Deren Einfluss auf seine Arbeit ist kaum abzustreiten: „Die Nähe zum Künstler in den Sessions hat mich sofort beeindruckt“, sagt er. Wie beim Vorbild aus Großbritannien passt Michael den Drehort an den jeweiligen Musiker an. Seine Videos kommen ganz ohne Schnitt aus. „One-Take-Prinzip“ nennt er das: „Jeder Schnitt würde das Video verfälschen und künstlich wirken lassen.“ Das Ganze ist zwar nicht wirklich neu – unter anderem drehten bereits die deutsche Indie-Band Kraftklub oder die Kanadierin Kiesza Musikvideos ohne Schnitt. Michaels Herangehensweise ist aber doch eine eigene.
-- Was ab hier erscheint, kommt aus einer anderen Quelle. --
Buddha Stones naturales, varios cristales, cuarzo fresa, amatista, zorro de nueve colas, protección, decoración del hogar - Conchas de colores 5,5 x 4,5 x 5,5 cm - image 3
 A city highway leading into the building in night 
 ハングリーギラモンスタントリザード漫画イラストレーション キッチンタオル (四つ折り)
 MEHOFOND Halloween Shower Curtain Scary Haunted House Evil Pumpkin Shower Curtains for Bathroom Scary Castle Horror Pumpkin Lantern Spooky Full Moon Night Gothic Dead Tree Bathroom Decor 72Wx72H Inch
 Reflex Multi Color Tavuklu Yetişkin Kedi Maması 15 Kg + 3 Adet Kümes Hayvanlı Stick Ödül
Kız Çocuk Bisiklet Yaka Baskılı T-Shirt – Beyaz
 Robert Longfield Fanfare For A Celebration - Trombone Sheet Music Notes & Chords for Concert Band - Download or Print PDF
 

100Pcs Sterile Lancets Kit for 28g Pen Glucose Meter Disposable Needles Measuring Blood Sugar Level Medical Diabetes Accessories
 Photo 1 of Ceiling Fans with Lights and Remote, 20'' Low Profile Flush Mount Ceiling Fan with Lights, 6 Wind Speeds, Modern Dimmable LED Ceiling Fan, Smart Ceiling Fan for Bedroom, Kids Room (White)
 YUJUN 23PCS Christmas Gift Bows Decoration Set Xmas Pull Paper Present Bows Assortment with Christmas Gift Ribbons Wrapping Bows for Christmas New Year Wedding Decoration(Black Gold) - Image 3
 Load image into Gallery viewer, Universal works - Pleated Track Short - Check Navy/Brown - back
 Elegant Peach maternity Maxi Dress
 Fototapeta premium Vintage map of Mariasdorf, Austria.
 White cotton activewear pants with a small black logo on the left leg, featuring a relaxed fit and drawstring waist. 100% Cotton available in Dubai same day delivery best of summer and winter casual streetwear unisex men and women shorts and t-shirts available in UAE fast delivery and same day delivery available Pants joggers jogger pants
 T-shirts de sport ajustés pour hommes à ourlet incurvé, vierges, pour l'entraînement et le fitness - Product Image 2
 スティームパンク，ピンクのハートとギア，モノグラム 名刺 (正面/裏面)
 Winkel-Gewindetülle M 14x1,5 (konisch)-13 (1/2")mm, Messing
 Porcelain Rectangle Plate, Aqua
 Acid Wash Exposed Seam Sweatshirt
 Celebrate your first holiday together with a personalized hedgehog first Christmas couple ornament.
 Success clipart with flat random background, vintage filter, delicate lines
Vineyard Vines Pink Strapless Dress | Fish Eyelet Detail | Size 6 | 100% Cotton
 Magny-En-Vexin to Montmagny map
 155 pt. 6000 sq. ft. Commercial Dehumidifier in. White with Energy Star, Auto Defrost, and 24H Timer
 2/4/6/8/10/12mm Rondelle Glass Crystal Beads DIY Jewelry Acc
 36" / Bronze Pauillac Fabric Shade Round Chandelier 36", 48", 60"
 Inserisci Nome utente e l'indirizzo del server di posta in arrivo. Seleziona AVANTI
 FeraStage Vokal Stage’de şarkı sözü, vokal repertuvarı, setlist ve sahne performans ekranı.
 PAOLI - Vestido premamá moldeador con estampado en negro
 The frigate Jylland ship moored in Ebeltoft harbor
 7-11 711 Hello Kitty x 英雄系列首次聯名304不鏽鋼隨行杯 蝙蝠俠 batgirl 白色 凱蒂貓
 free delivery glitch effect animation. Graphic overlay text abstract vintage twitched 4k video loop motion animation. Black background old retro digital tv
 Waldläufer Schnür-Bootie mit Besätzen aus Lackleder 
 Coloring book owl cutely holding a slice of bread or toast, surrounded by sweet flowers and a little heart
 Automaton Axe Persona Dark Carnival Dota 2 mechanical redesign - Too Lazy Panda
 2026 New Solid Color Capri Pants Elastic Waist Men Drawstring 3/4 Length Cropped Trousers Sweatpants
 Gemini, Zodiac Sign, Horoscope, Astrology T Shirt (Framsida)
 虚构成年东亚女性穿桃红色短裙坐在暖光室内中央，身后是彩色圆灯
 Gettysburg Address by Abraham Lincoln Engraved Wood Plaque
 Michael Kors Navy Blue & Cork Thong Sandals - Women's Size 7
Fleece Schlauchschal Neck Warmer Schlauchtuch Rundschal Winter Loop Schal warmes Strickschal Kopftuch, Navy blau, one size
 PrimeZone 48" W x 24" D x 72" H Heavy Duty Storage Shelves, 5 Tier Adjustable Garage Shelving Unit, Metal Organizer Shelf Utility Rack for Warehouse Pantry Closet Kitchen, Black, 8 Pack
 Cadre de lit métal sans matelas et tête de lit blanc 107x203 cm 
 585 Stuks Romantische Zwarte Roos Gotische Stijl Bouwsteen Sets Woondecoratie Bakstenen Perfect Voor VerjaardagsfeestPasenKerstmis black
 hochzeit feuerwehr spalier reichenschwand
Die ungeschnittenen Aufnahmen wirken sehr intim, er selbst beschreibt sie als „ehrlich“.
Auch Kilian Unger alias LIANN ist nach zwei Videos beeindruckt: „Ich habe ihm vertraut bei der Kameraarbeit, und das hat sich gelohnt“, sagt der Singer-/Songwriter über die Aufnahme seines Songs „Chicago“ am Sendlinger Tor. Und wenn man merkt, wie elegant ein Close-Up der Gitarrenbünde in die Totale übergeht und die Musik mit der Umgebung verschwimmt, dann bekommt man eine Ahnung davon, wie viel Arbeit in diesen Filmen steckt.
Die sollen sich zukünftig auch auszahlen: Mit der Hilfe von Sponsoren hofft Michael, sich selbstständig machen und sich so ganz auf das Filmen konzentrieren zu können. „Und dann würde ich gerne auch Interviews machen und eigene Konzerte organisieren, um die Monaco Sessions als Marke weiter auszubauen.“
Ob er sich auch irgendwann einmal einen Wechsel zurück vor die Kamera und auf die Bühne zutraut? Michael schmunzelt. „Ich versuche langsam, wieder selbst etwas Musik zu schreiben“, sagt er und spricht von „Singer-/Songwriter-Zeug im Sportfreunde-Stiller-Stil“. Für die Monaco Sessions käme diese Musik dann allerdings nicht in Frage. „Höchstens mit einer Maske“, sagt er mit einem Augenzwinkern. Vielleicht blendet das Rampenlicht einfach weniger stark – durch eine Kameralinse betrachtet.